Outside the cloistered world that serious chess players inhabit, few would have taken any special note of the death last month of Pal Benko, at age 91. Benko was a top grand master and one of the game’s great artists. After defecting from his native Hungary in 1957, he moved to the United States, competing in tournaments and composing ingenious puzzles that introduced generations of young players to the mysteries of the endgame.
But his singular contribution to American chess wasn’t at the board. Without Benko, there might not have been Bobby Fischer—at least not the Fischer who delivered the U.S. perhaps its greatest cultural victory of the Cold War. His competitive career fading, Benko stepped aside in 1970 and let the younger, more talented Fischer take his place in the competition to determine a challenger for the reigning world champion, Boris Spassky of the Soviet Union. Fischer, who had been playing sporadically throughout the 1960s and who seemed on the brink of quitting the game altogether, tore through the qualifying tournaments before dethroning Spassky in a 1972 match that riveted America.

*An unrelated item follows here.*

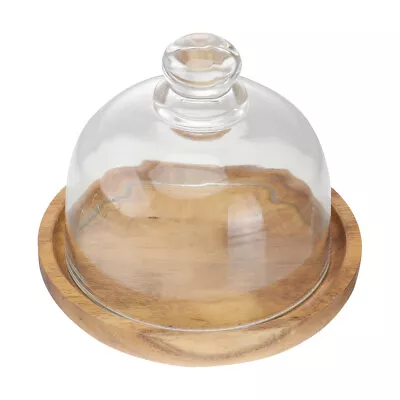 Hemoton Wooden Cake Stand With Glass Dome Lid • £12.79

Benko and Fischer hadn’t always been on the best of terms. Playing in a tournament in 1962 in the Caribbean, they squabbled one night and got into a fistfight—“the first fistfight ever recorded by two grandmasters,” Frank Brady wrote in his Fischer biography, Endgame. But they reconciled and stayed friends to the end. “Pal felt that Bobby could change the chess world—which Bobby did—and if Bobby became world champion, that would benefit the whole game,” Susan Polgar, a friend of both men and a former women’s world chess champion, told me. “His own personal interest was secondary to the bigger picture.”
Another chess master who was central to the Fischer story also died last month: Shelby Lyman. Though not a world-class player, Lyman did more to popularize chess in America than anyone not named Bobby Fischer. He was teaching chess in New York when one of his students, a TV executive, tapped him to host a PBS show covering the Fischer-Spassky match. Lyman proved a natural showman, explaining densely complicated chess positions to TV viewers, many of whom thought of a fork only as an eating utensil. (In chess, it’s a move where a single piece makes at least two simultaneous attacks.) Like tons of other kids at the time, I’d turn to Channel 13 in New York that summer and follow Lyman’s commentary move by move, sparking a lifelong interest in the game. After becoming a journalist, I wrote about Lyman, and from time to time we’d talk about the match.